On Aug. 25, King Street held a Barbecue and Free Wort Day. For those of you who are not brewers, wort is unfermented beer. Besides cooking up plenty of delicious food, the brewery produced a batch of its India Pale Ale, but instead of moving it into a fermenter, they gave it away to anyone who brought a clean, 5-gallon container. All the lucky recipients needed to do was to pitch their own yeast. Forty-four home brewers took advantage of this generous offer, including yours truly. I plan to call mine the King of the Road IPA, since it used King Street wort and bounced down the road for three hours as I took it home from Anchorage.

Finally, Aug. 29, King Street held its first-ever gourmet beer dinner, at Sullivan’s Steakhouse in Anchorage. Sullivan’s has only recently installed draft lines, and King Street’s brews have been big sellers there. Patrons got to enjoy a five-course meal, including such delights as bacon-wrapped reindeer sausage with pears and caramelized onions and fillet medallions of steak with a bourbon peppercorn sauce.

Taken all together, this is indicative of what a great job the folks at King Street have been doing. The quality of their beers has generated the growth in demand, which necessitated buying those additional fermenters, more than doubling their production capacity from 60 to 140 barrels. When I spoke to owners Dana Walukiewicz and Shane Kingry, they said that when they opened a year ago, they thought they might need more tanks in a few years. “Instead, after only six months, we found ourselves talking about needing more tank space,” they said. That’s the sort of thing that happens all the time when you brew good craft beer in Alaska.

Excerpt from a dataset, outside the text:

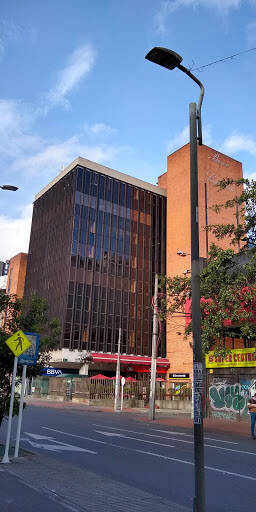 banco Bancolombia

So what’s next for King Street? Well, the brewery will be putting its new tanks to good use, producing that much more of its beers, particularly its excellent pilsner. Making a traditional lager-style beer, like a pilsner, involves several weeks of cold aging, which ties up tank space — this was another reason for the expansion. They also have purchased a canning machine and will be experimenting with it in the next few months, making sure that when the brewery cans its beers, there will be no loss in quality. Once it has cleared all those hurdles, look for King Street in cans in the new year.

Looking ahead in September, there will be a beer festival in Anchorage on Saturday, Sept. 22. La Bodega, the excellent beer store in the Metro Mall on Benson, will be holding its second annual Bodegafest, from 2 to 8 p.m. at the Chalet in Kincaid Park. The admission price of $25 gets you a commemorative glass and 12 tasting tickets, with more tickets available for purchase. You can pick up tickets at the store, or at http://labodegastore.com/events. This is a great event, so if you happen to be in Anchorage that weekend, I highly recommend you check it out.

Until next month, Cheers!

Bill Howell is a home brewer, teaches a beer appreciation class at Kenai Peninsula College’s Kenai River Campus and was named the 2010 Beerdrinker of the Year by Wynkoop Brewing Company in Denver.